Compte-rendu de notre sortie sur les champs de bataille de la Grande Guerre

La sortie du jeudi 10 mars 2016 à Verdun a été pour moi une sortie très intéressante et très instructive.

Le Mémorial de Fleury
Après 2h30 de route dans une bonne ambiance, nous avons visité le Mémorial de Verdun. J’ai été très impressionnée par ce magnifique musée, très moderne car récemment rénové.
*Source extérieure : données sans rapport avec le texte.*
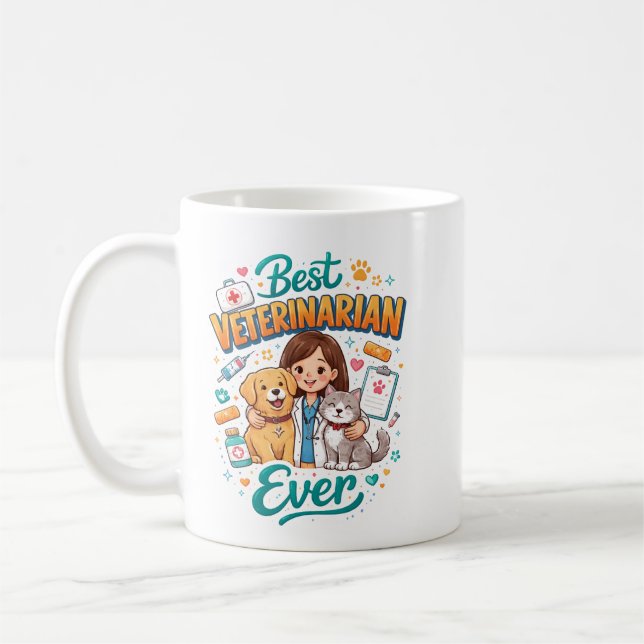 Best Veterinarian Ever | Vet Appreciation Doctor’s Kaffemugg (Vänster)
J’ai vu beaucoup d’expositions intéressantes, notamment des armes de guerre, des uniformes de soldats et des avions suspendus. Il y avait des surfaces de guerre refaites sur lesquelles on pouvait marcher grâce à des surfaces en verre. On a vu la nourriture que les soldats pouvaient parfois manger, les véhicules qu’ils avaient et également des lettres retrouvées.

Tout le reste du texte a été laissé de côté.